Berger and four other Socialists were indicted under the Act on February 2, 1918. The trial followed in December of that year, and on February 20, 1919, Berger was convicted and sentenced to twenty years in federal prison. The trial was presided over by Judge Kenesaw Mountain Landis (later the first commissioner of Major League Baseball). Berger’s conviction was appealed, and ultimately overturned by the Supreme Court on January 31, 1921, deciding that Judge Landis had a known prejudice against Germans. He was, in fact, on record saying their “hearts are reeking with disloyalty” and further said, “If anybody has said anything worse about the Germans than I have I would like to know it so I can use it.”
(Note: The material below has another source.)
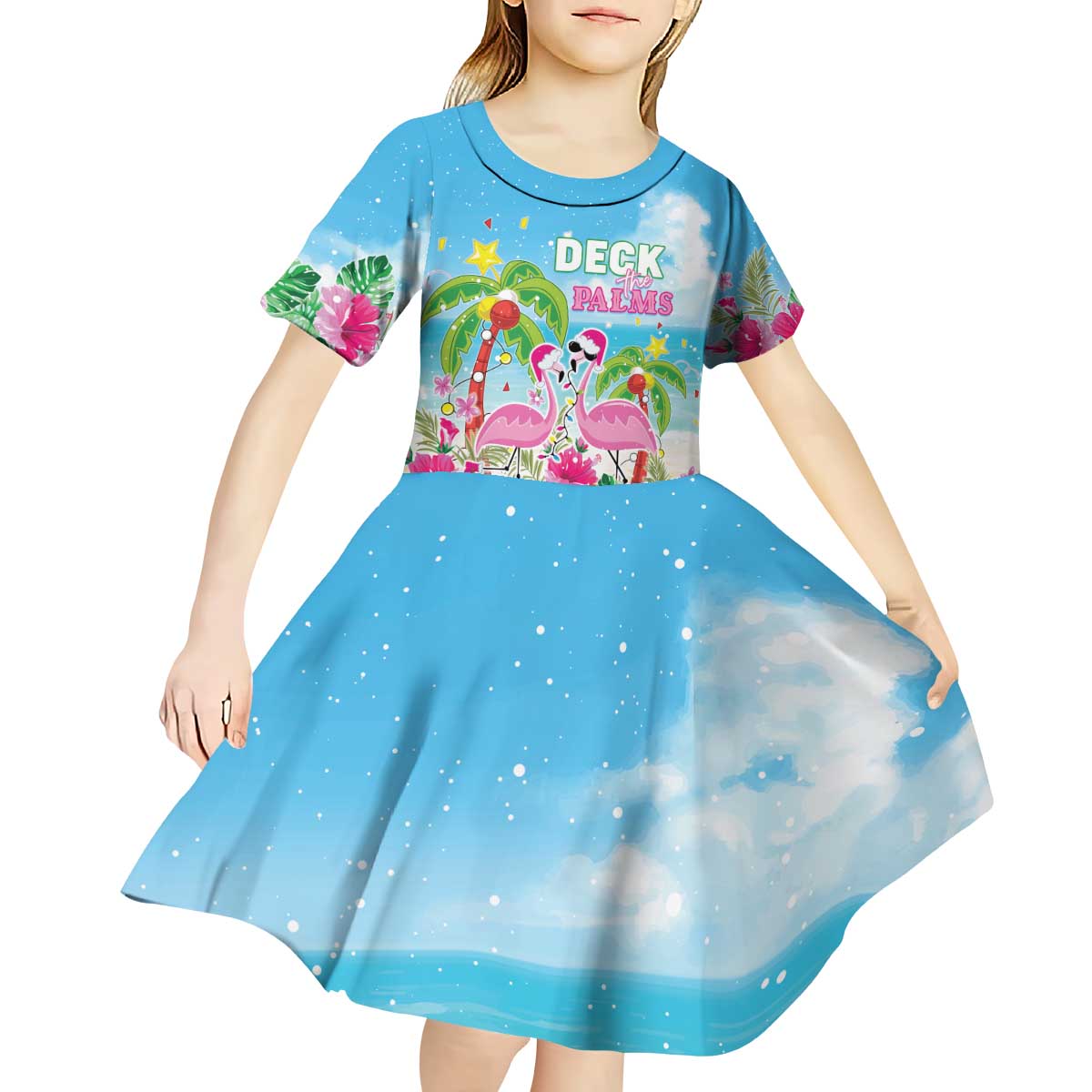 Hawaii Christmas Kid Short Sleeve Dress Deck The Palms Holiday Flamingos LT05 - Wonder Print Shop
In spite of his being under indictment at the time, the voters of Milwaukee re-elected Berger to the House of Representatives in 1918. When he arrived in Washington to claim his seat, Congress formed a special committee to determine whether a convicted felon and war opponent should be seated as a member of Congress. On November 10, 1919 they decided against him 309-1, and declared the seat vacant. Conservative Republican Wisconsin governor Emanuel Philipp called a special election to fill the seat, and on December 19, 1919, the people elected Berger yet again. On January 10, 1920, the House again refused to seat him, and the position remained vacant until Republican William H. Stafford defeated Berger later that year.
Berger did not give up, defeating Stafford in 1922 and getting reelected in 1924 and 1926. During those terms, he proposed the old-age pension, unemployment insurance, and public housing. Wisconsin was the first state to offer unemployment insurance in 1932, another belated victory. After his defeat by Stafford, again, in 1928, he returned to Milwaukee and resumed his career as a newspaper editor.
What can we learn from Berger today? Menasha resident and outspoken socialist Robert Nordlander told me, “Victor Berger would undoubtedly be expelled from the House of Representatives today had he dared to call to the attention of the American public that the United States political establishment is under the control of a foreign country through the Jewish and Christian partisans of the State of Israel.”
At the least, he is an inspiration to those who dream big. Wisconsin has always been a progressive state, despite recent setbacks, and we will provide for our people — jobs, health care and more. Berger would also tell us that the key to a democratic is the furthering of democracy itself. Just as he pushed to make the Senate accountable to the people, we must always remember that government is there to serve the people. If we do not let our voices be heard, we are partially to blame for poor service.